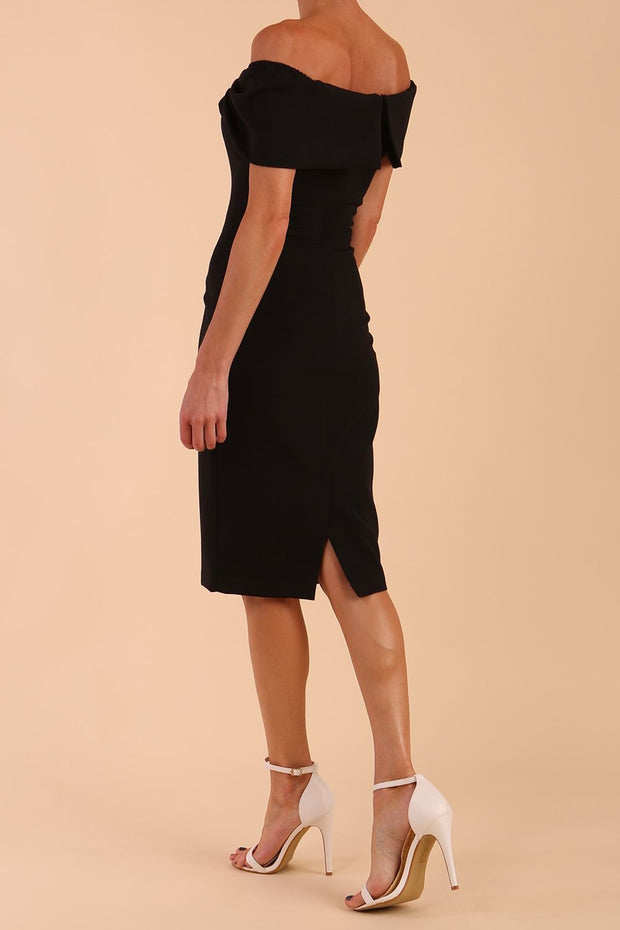 model is wearing diva catwalk mariposa pencil dress with Detailed Bardot neckline with fold-over detail and pleated at waist area in Black back side
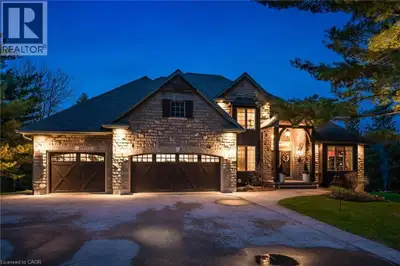 Perched alongside the tranquil Irvine River on nearly 3/4 of an acre at the end of a private road, 4...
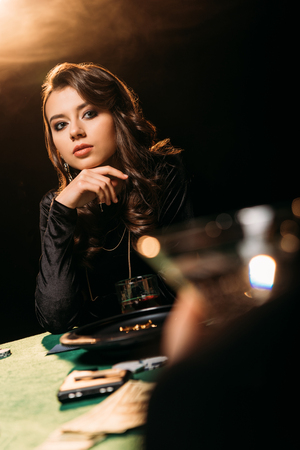attractive pensive girl looking away at poker table in casinoの写真素材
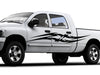 white truck with black tribal spears vinyl decal on driver side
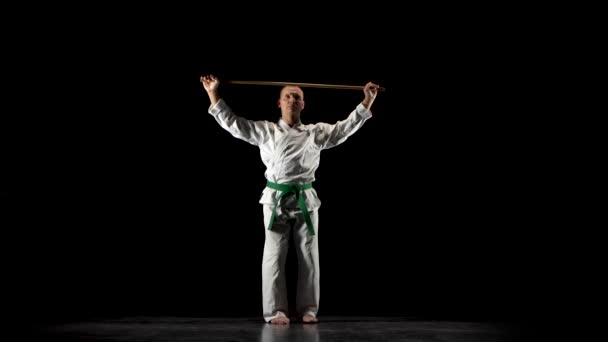 Luchador Kendo en kimono blanco practicando arte marcial con el bokken de bambú sobre fondo negro . — Vídeo de stock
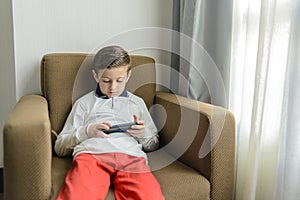 Child sitting in an armchair playing with a smartphone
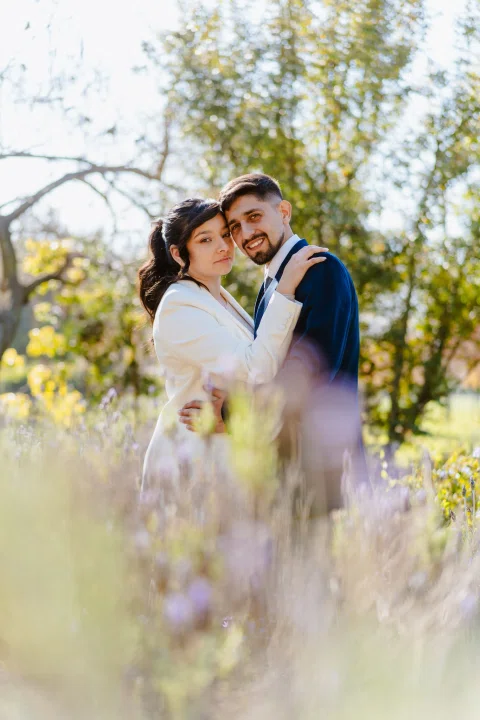 Hombre con traje azul y mujer con traje claro permanecen abrazados entre flores y vegetación desenfocada.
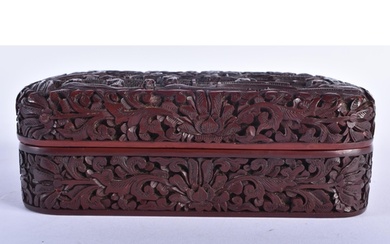 A CHINESE QING DYNASTY CARVED CINNABAR LACQUER BOX AND COVER...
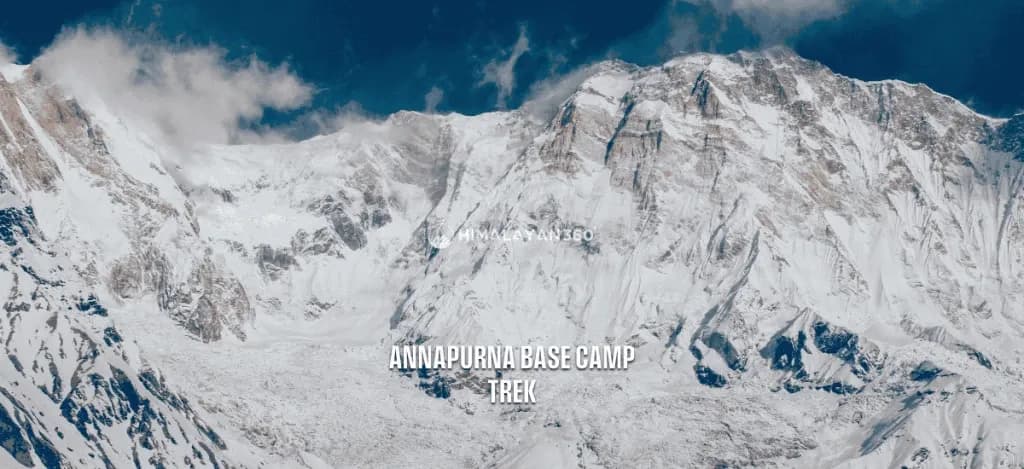 Snow capped Annapurna range with partial cloudy sky and a close-up view of peak mountains and glacier, text overlay saying "Annapurna Base Camp Trek" by Himalayan 360.
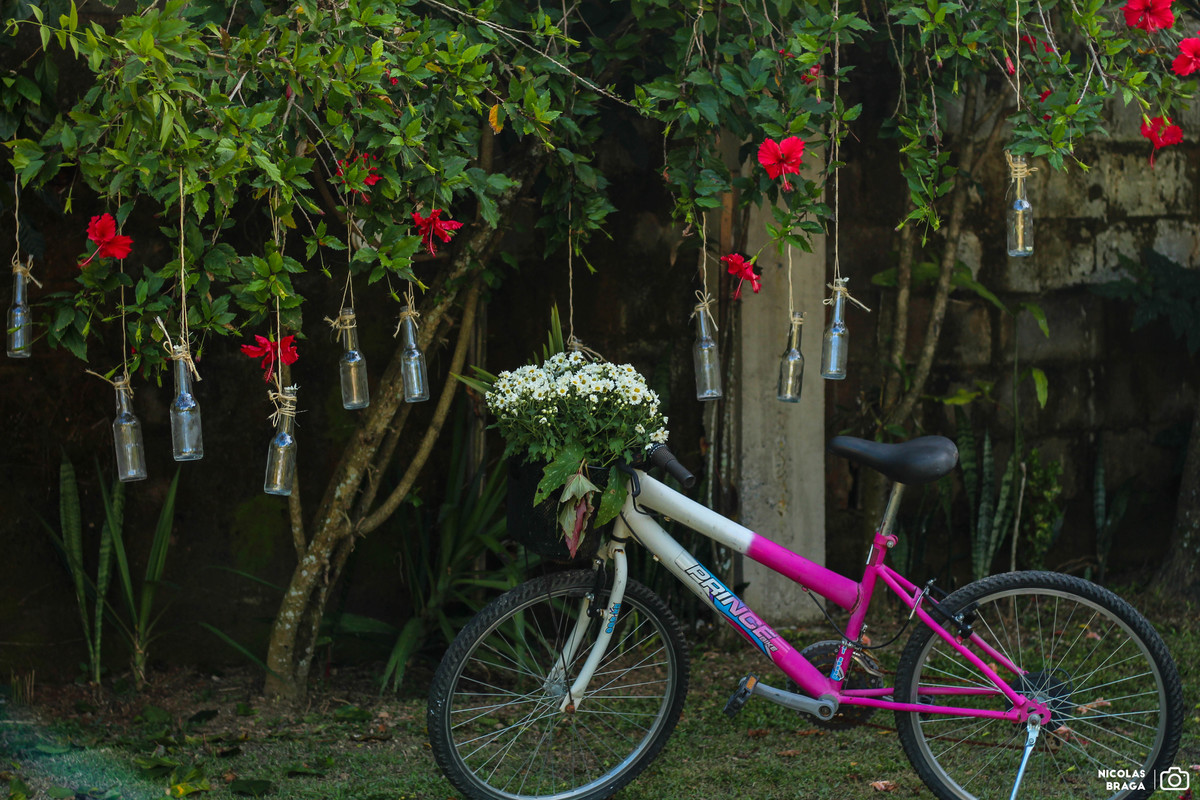 Decoração usando bicicleta, flores e garrafas.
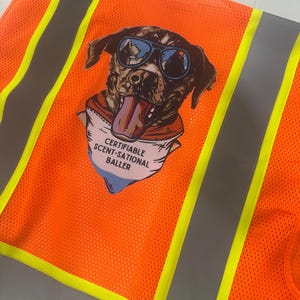 Op de afbeelding: Een feloranje veiligheidsvest met verticale zilveren reflecterende strepen en gele biezen. Een grafische print op de achterkant toont een hond met een blauwe zonnebril en een bandana met de tekst CERTIFIABLE SCENT-SATIONAL BALLER.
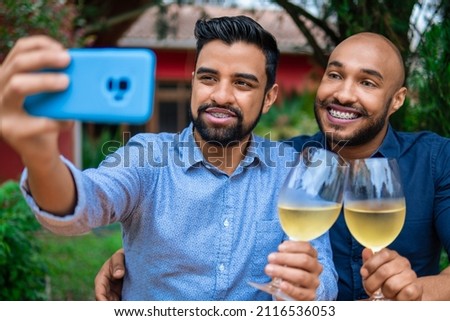 black gay couple taking selfie with mobile and glass of wine outside in the garden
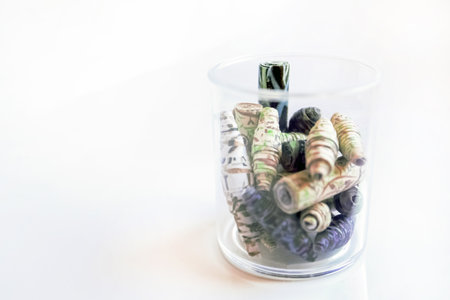 Handmade paper beads of brown, green, black colored floral patterns in plastic glass on white table side viewの写真素材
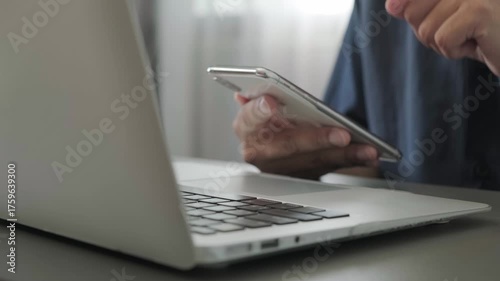 Man using smartphone and laptop at desk, close up of hand multitasking with technology in modern workspace, typing for communication and digital lifestyle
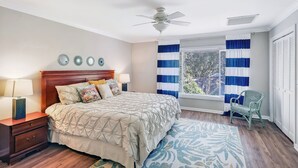 Ein Schlafzimmer mit Bett, Nachttisch, Lampe, Sessel, Fenster mit Vorhängen und Deckenventilator.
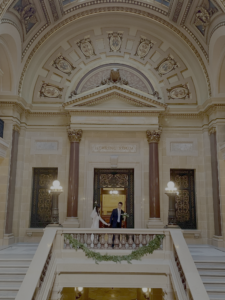 Mengyu Li and her husband in their wedding attire inside the Wisconsin State Capitol.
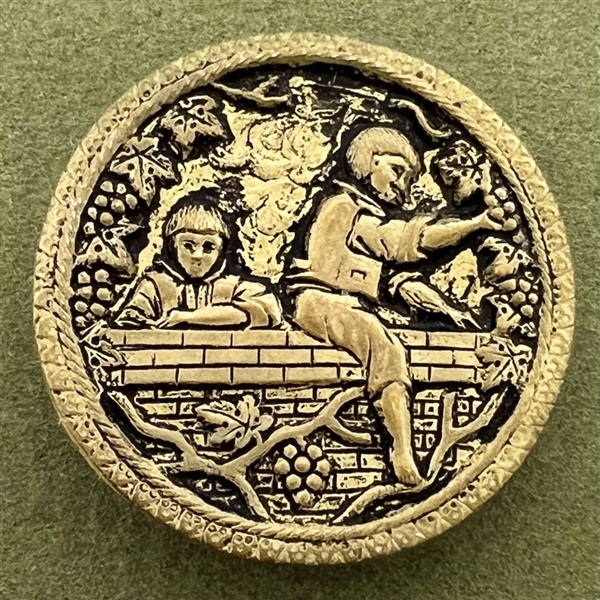 Stamped brass button of two boys on a wall picking grapes.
########################################
• _What is required_:
Could you set down word for word each line from the one holding "Ein Schlafzimmer mit" through the end of the material above, without any pictures?

• _Result below_:
 Ein Schlafzimmer mit Bett, Nachttisch, Lampe, Sessel, Fenster mit Vorhängen und Deckenventilator.
 Mengyu Li and her husband in their wedding attire inside the Wisconsin State Capitol.
 Stamped brass button of two boys on a wall picking grapes.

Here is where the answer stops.